“WE WERE LATE TO THE PARTY and suffered because of technology failures,” says Govind Shrikhande, sipping masala chai at the Trident in Mumbai. “There’s another area where we messed up—we didn’t anticipate that private equity firms will bring billions of dollars to disrupt this industry.” You rarely expect a Fortune India 500 boss to admit to failure so readily. But Shrikhande, whose business card reads, “customer care associate and managing director, Shoppers Stop”, doesn’t shy away from describing his company’s attempts to cope with disruption as what they really were: disasters.

Like most pure-play brick-and-mortar retailers, Shoppers Stop, the country’s oldest department store chain founded in 1991, has seen e-commerce upstarts eat its lunch. Media reports published in October suggest that WS Retail, the largest seller on India’s
No. 1 e-commerce marketplace Flipkart, crossed Rs 10,000 crore in turnover in FY15—overtaking the combined sales of Shoppers Stop, Future Lifestyle, Tata’s Trent, and Aditya Birla Group’s Pantaloons, which have been slow in responding to the onslaught. To compound matters, now there’s the threat of online incursion by global retail behemoths like Zara and H&M: Last month in a landmark decision, the government allowed single-brand retailers with foreign direct investment to open e-commerce operations in India.

The development comes at a time when Shoppers Stop is striving to shake off woeful numbers from its books. A 2014 study by credit rating agency Crisil says Shoppers Stop’s sales per square foot, a vital performance indicator, shrank from Rs 8,518 in 2010-11 to Rs 7,837 in 2012-13, while the footfall-to-sales conversion ratio fell from 24% to 22%. Net profit collapsed 47% in the fourth quarter of FY14 after struggling through FY13. Hypercity, its hypermarket format, broke even only last year, after eight years in operation. Crossword, its chain of bookstores, has also bled cash and closed several stores.

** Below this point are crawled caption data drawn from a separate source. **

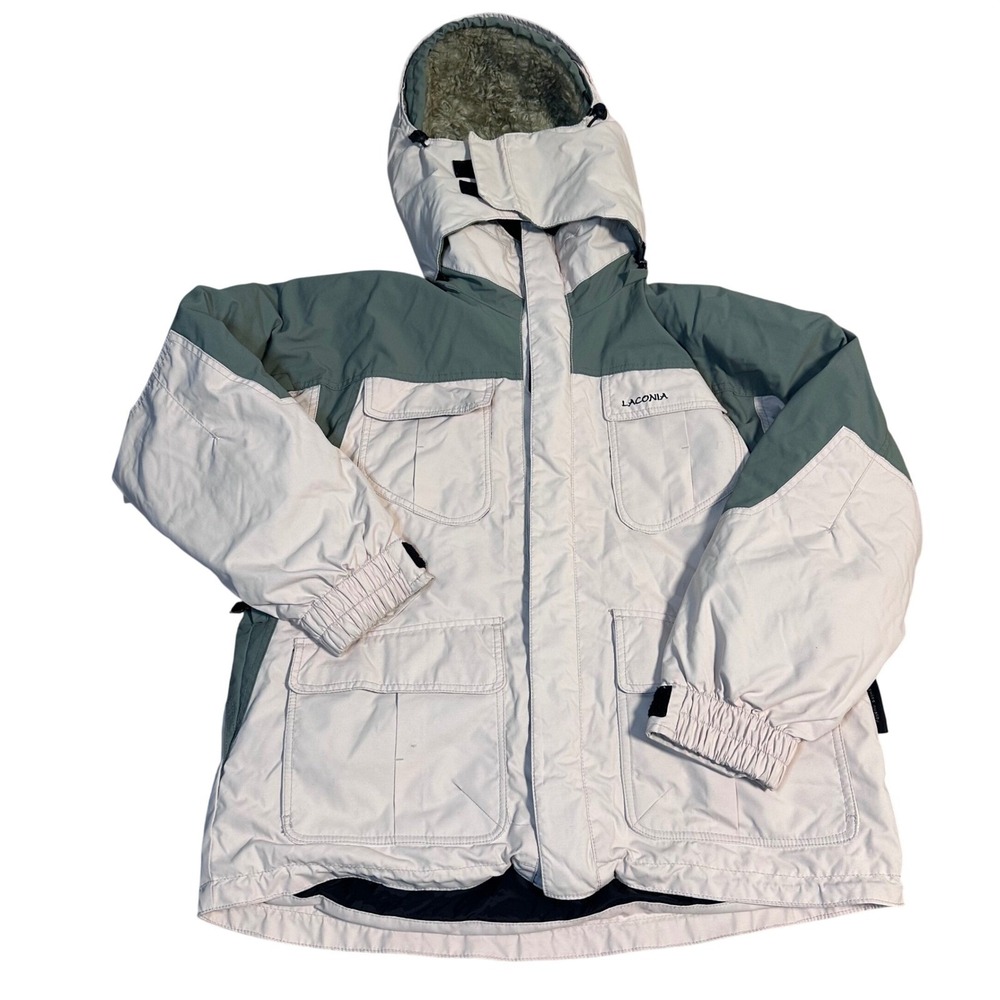 Laconia Swiss Quality Winter Parka Jacket Cream Sage Green Faux Fur Hood L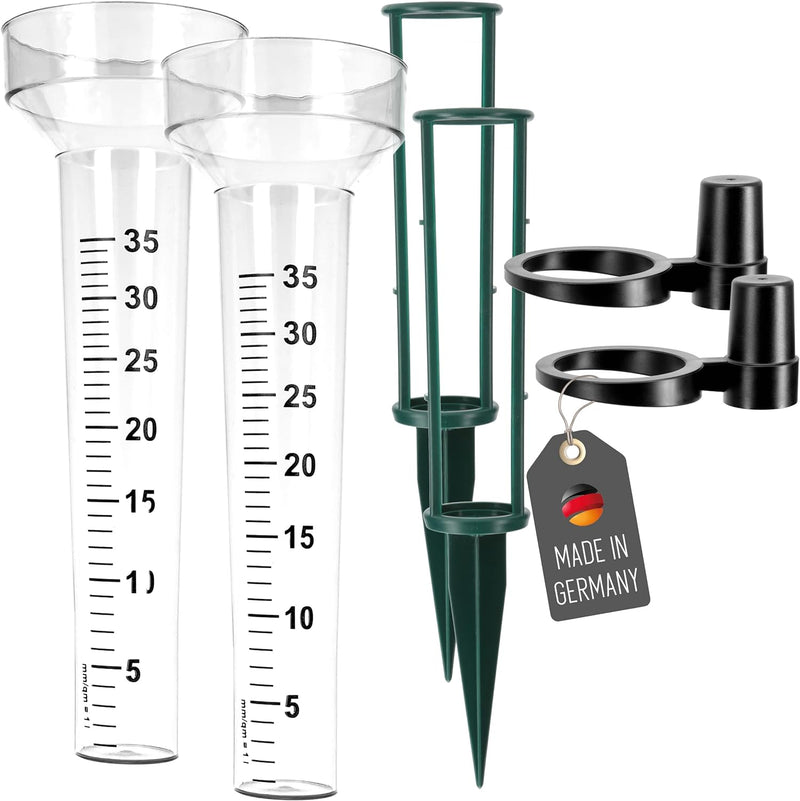 Lantelme Regenmesser mit Erdspiess Set Garten Niederschlagsmesser Metall Erdspiess Kunststoff Glas R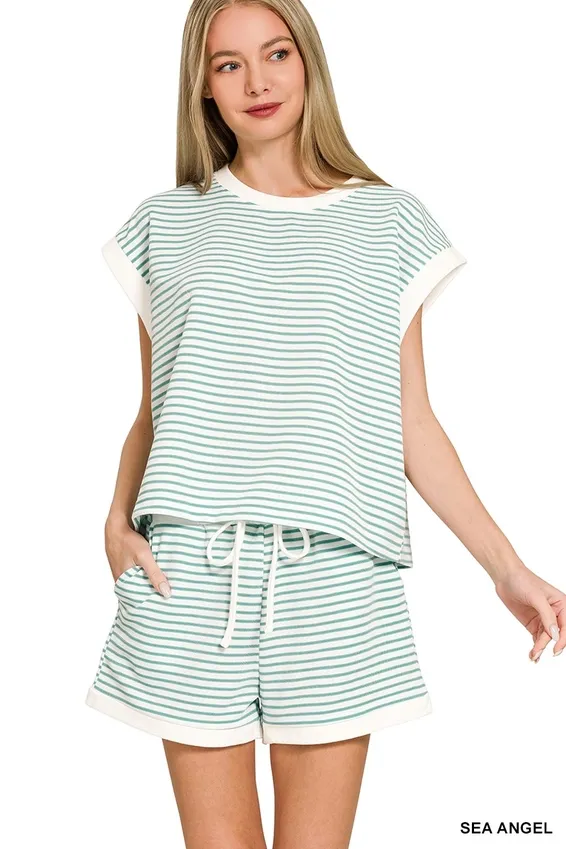 Stripe Top &amp; Shorts Set, Color: Sea Angel, Size: S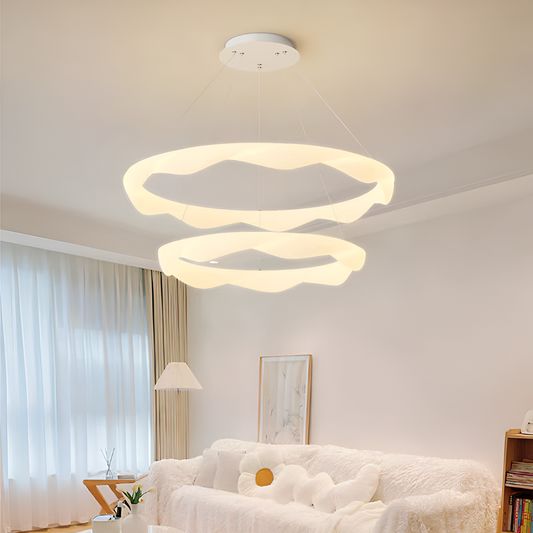Lustra LED, suspendata cu Telecomanda, AMADEO, 90W, Lumina Rece/Calda/Neutra, Dimabila, Inaltime Reglabila, Alb, LT271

Shrikhande, who started his career at textile manufacturer Mafatlal at a time when organised retail was unheard of, and is known for his fierce love of retail—he once called every other industry “boring”—is keeping calm. “I can bet on 2016,” he says. “There’s a lot of action happening right now that will start delivering from Q1 of next year.”

The reference is to a number of announcements the company has made with the goal of building muscle online, beginning with tie-ups with the country’s second-largest online marketplace Snapdeal and hyperlocal services startup ZopNow. (To be sure, such alliances, meant to ease a retailer’s online initiation till it is ready with a platform of its own, are increasingly routine. Croma, the Tata group’s electronics chain, recently ended its partnership with Snapdeal to focus on its own site.) Meanwhile, Shoppers Stop’s e-commerce platform—which won’t be a marketplace but carry the store’s own inventory—is expected to take a couple of years to stabilise and scale, and Shrikhande has acknowledged the company has a long way to go before it can build the kind of last-mile logistics that is make-or-break
for e-commerce.

To make up for lost time, Shrikhande has allocated a digitisation budget of Rs 60 crore, chiefly towards an omni channel strategy that will integrate Shoppers Stop’s offline and online presence. The problem: That could go down as chump change in the new world. Consider that digital wallet company Payu, all of three years old, is reportedly spending as much in brand building and marketing alone, to say nothing of the venture funding-fuelled spending glut by Flipkart and its ilk. It’s tempting to surmise that unless Shoppers Stop ups its game, its 25th birthday next year—also Shrikhande’s 15th year in the company—could be a bleak one.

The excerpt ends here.